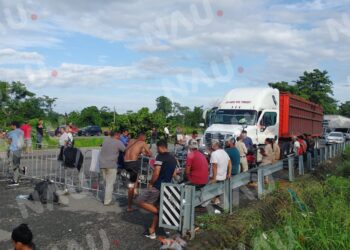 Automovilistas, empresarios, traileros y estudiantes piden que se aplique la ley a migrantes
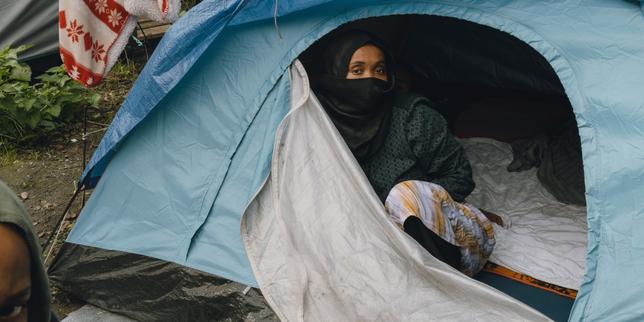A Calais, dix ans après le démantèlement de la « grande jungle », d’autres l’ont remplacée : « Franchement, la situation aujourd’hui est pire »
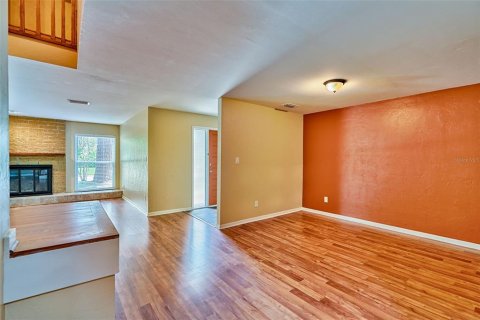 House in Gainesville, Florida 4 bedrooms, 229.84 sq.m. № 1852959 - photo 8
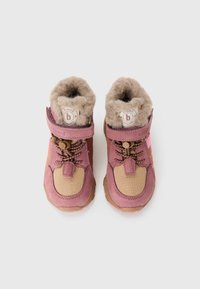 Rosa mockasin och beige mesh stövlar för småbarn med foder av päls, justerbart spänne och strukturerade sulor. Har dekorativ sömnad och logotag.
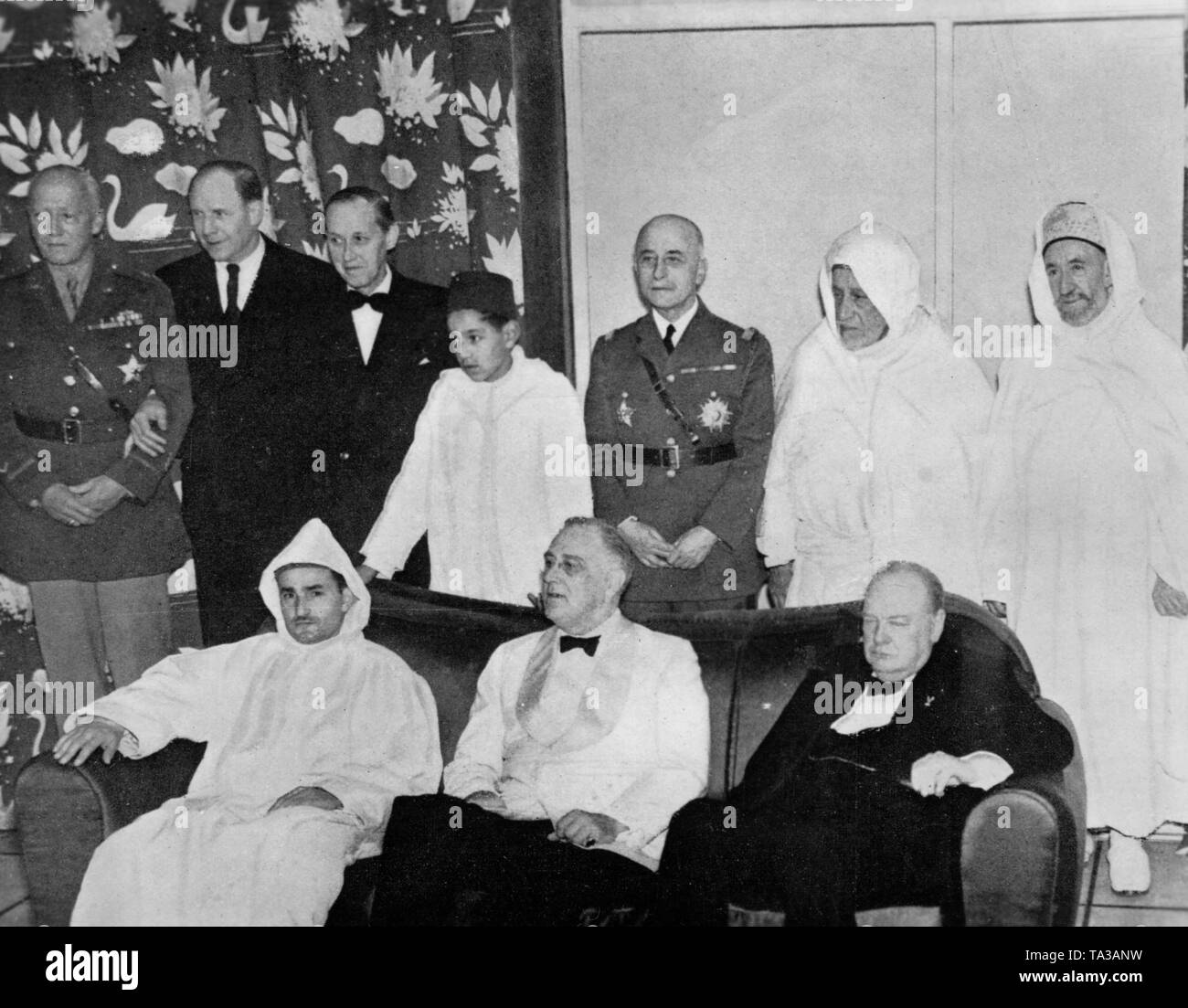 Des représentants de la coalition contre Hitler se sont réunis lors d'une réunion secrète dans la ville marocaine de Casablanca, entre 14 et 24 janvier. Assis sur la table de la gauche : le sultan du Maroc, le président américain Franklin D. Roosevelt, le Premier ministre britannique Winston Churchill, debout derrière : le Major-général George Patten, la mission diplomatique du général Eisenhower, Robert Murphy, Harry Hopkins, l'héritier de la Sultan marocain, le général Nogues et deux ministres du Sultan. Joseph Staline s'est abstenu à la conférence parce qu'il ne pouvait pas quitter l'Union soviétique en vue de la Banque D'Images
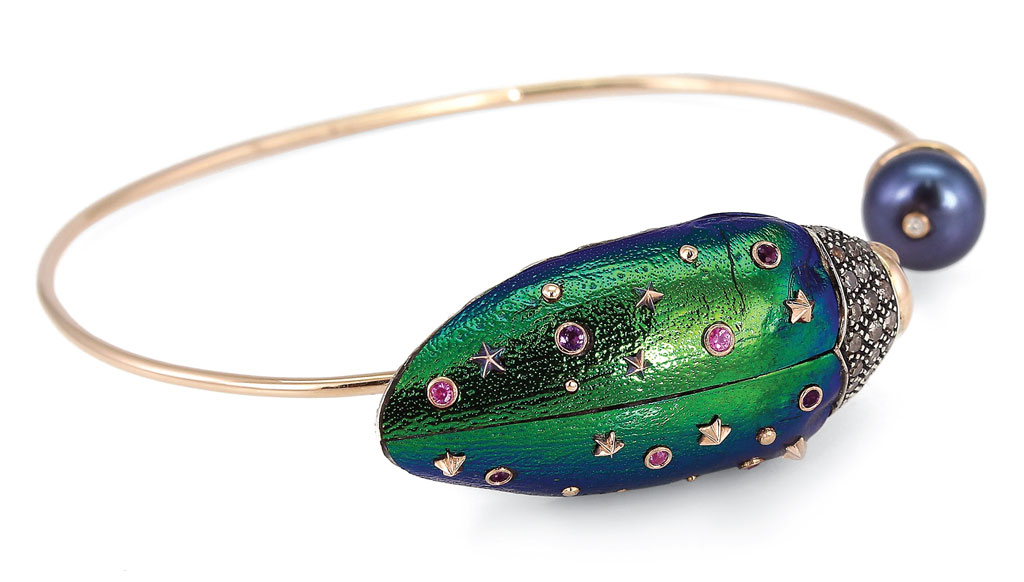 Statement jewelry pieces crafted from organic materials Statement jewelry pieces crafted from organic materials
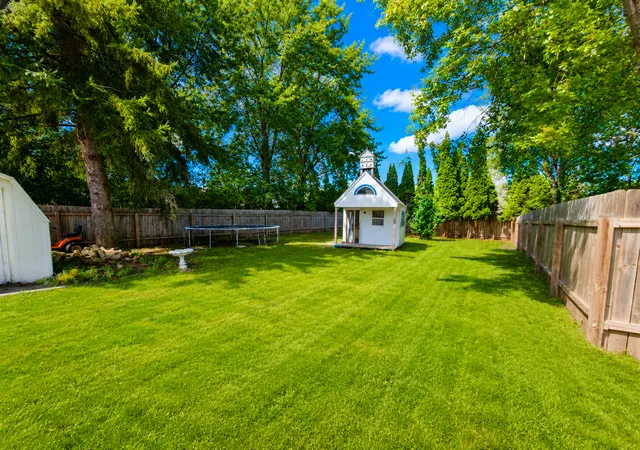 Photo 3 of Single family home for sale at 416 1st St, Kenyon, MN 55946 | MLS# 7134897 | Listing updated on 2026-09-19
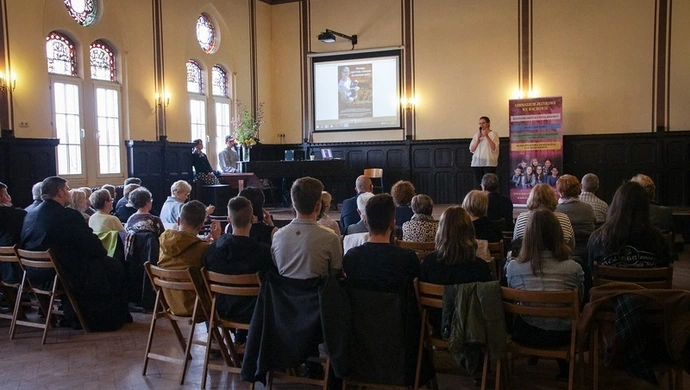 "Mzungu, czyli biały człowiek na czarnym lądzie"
+-------+
### [Description of the task]
Look above and copy only the lines from the one holding "House in Gainesville, Florida" to the one holding "Rosa mockasin och", both included, exactly, minus the pictures.

### [Solution to this exercise]
 House in Gainesville, Florida 4 bedrooms, 229.84 sq.m. № 1852959 - photo 8
 Rosa mockasin och beige mesh stövlar för småbarn med foder av päls, justerbart spänne och strukturerade sulor. Har dekorativ sömnad och logotag.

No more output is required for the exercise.